§ REQUIRED ACTION:
The full listing is needed, transcribed word for word.

________________________________________

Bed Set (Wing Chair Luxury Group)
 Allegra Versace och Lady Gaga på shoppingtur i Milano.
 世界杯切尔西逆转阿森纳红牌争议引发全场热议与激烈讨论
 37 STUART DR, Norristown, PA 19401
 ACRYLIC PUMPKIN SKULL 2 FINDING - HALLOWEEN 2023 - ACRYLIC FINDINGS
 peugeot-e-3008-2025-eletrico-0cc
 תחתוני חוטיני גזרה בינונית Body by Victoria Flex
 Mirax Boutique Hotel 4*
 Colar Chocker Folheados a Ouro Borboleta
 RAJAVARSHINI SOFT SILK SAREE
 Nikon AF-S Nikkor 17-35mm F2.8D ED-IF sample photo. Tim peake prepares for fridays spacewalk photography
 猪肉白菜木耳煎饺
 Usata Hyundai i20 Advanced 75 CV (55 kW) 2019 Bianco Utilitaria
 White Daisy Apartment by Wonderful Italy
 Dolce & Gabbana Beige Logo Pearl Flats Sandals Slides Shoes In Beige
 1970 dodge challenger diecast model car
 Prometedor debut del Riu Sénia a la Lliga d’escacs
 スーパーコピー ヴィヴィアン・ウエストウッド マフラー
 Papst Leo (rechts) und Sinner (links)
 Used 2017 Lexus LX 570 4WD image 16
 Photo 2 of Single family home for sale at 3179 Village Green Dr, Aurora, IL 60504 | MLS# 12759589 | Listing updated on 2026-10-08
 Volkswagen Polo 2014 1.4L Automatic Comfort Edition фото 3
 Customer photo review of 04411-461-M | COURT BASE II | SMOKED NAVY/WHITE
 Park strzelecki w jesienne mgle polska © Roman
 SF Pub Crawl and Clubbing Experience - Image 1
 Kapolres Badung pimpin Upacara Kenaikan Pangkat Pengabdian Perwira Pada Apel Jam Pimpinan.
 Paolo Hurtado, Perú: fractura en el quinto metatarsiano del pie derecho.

________________________________________

§ OUTPUT FOR THIS TASK:
Bed Set (Wing Chair Luxury Group)
 Allegra Versace och Lady Gaga på shoppingtur i Milano.
 世界杯切尔西逆转阿森纳红牌争议引发全场热议与激烈讨论
 37 STUART DR, Norristown, PA 19401
 ACRYLIC PUMPKIN SKULL 2 FINDING - HALLOWEEN 2023 - ACRYLIC FINDINGS
 peugeot-e-3008-2025-eletrico-0cc
 תחתוני חוטיני גזרה בינונית Body by Victoria Flex
 Mirax Boutique Hotel 4*
 Colar Chocker Folheados a Ouro Borboleta
 RAJAVARSHINI SOFT SILK SAREE
 Nikon AF-S Nikkor 17-35mm F2.8D ED-IF sample photo. Tim peake prepares for fridays spacewalk photography
 猪肉白菜木耳煎饺
 Usata Hyundai i20 Advanced 75 CV (55 kW) 2019 Bianco Utilitaria
 White Daisy Apartment by Wonderful Italy
 Dolce & Gabbana Beige Logo Pearl Flats Sandals Slides Shoes In Beige
 1970 dodge challenger diecast model car
 Prometedor debut del Riu Sénia a la Lliga d’escacs
 スーパーコピー ヴィヴィアン・ウエストウッド マフラー
 Papst Leo (rechts) und Sinner (links)
 Used 2017 Lexus LX 570 4WD image 16
 Photo 2 of Single family home for sale at 3179 Village Green Dr, Aurora, IL 60504 | MLS# 12759589 | Listing updated on 2026-10-08
 Volkswagen Polo 2014 1.4L Automatic Comfort Edition фото 3
 Customer photo review of 04411-461-M | COURT BASE II | SMOKED NAVY/WHITE
 Park strzelecki w jesienne mgle polska © Roman
 SF Pub Crawl and Clubbing Experience - Image 1
 Kapolres Badung pimpin Upacara Kenaikan Pangkat Pengabdian Perwira Pada Apel Jam Pimpinan.
 Paolo Hurtado, Perú: fractura en el quinto metatarsiano del pie derecho.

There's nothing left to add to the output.